Write out exactly the lines from the one with "Opel Astra Astra" through the last line of the data below, but not the pictures.

# Provided data
Content starts
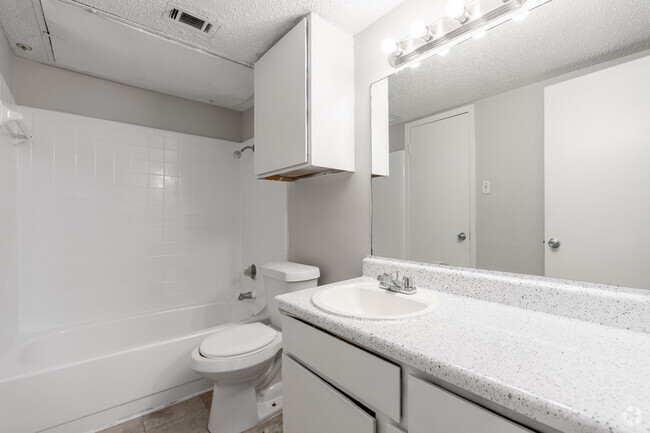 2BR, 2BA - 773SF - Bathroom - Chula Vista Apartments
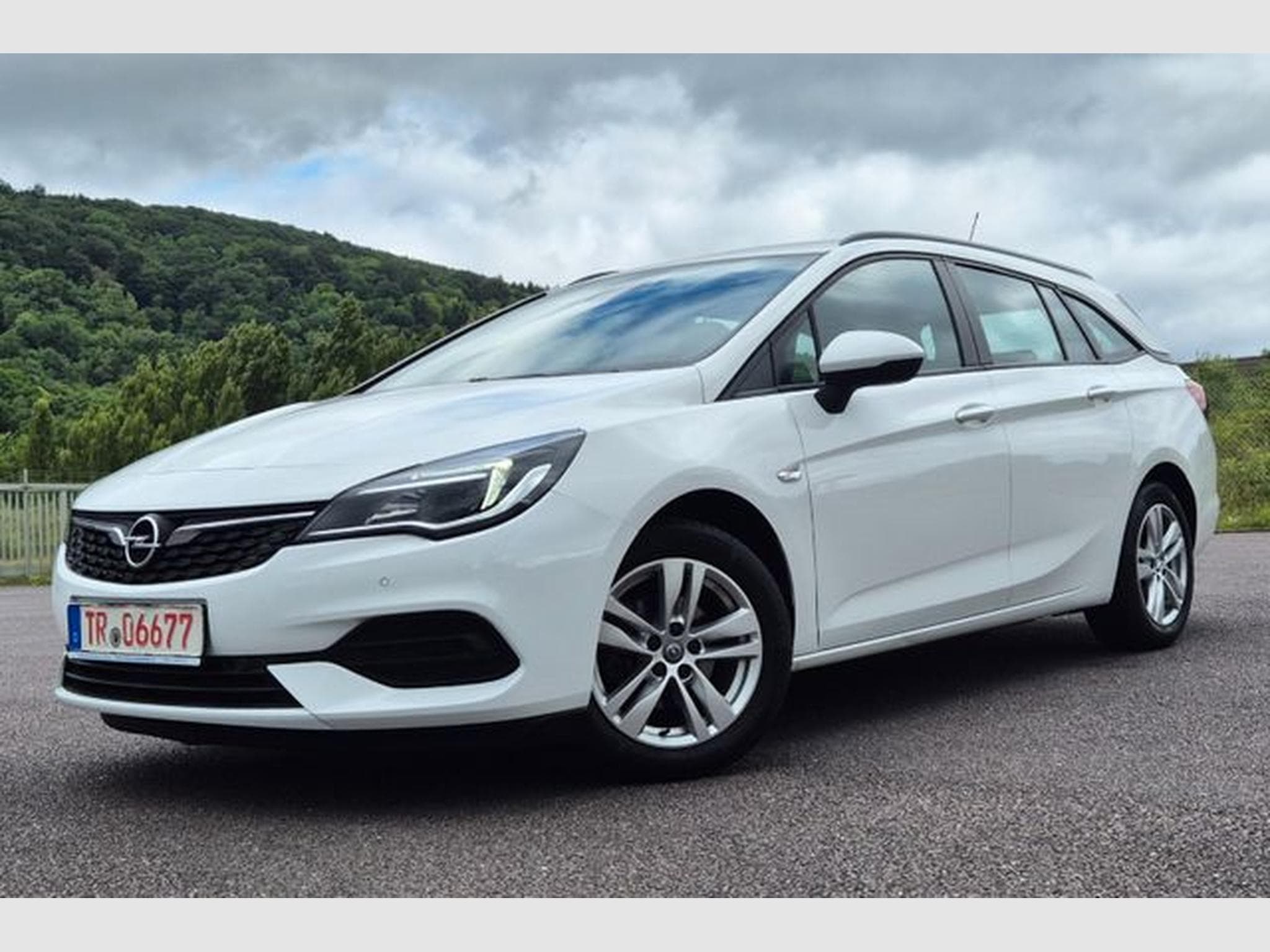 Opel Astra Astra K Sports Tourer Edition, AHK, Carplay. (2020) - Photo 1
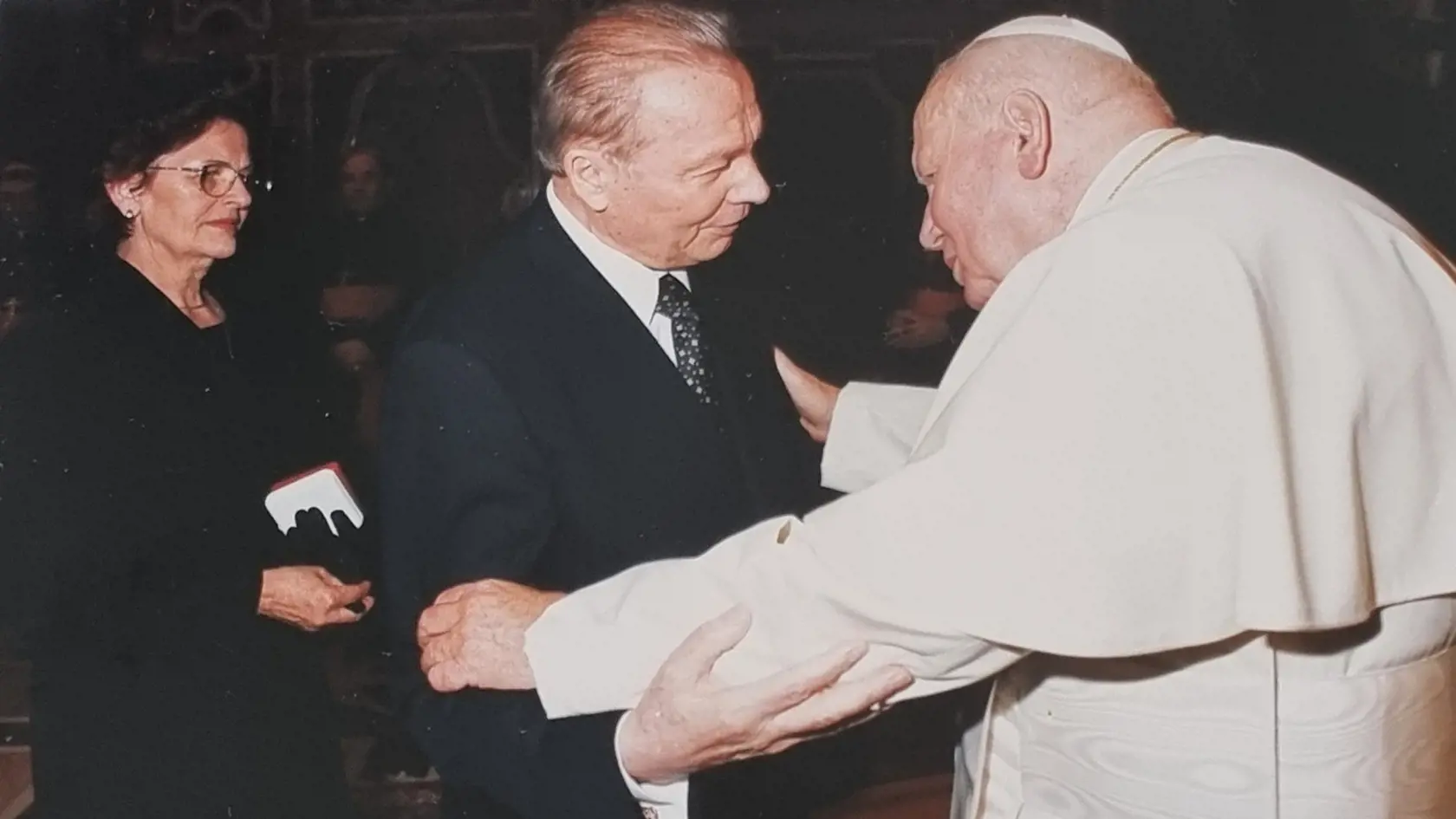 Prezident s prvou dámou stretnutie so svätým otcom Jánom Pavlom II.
Content ends
# Answer for the task
 Opel Astra Astra K Sports Tourer Edition, AHK, Carplay. (2020) - Photo 1
 Prezident s prvou dámou stretnutie so svätým otcom Jánom Pavlom II.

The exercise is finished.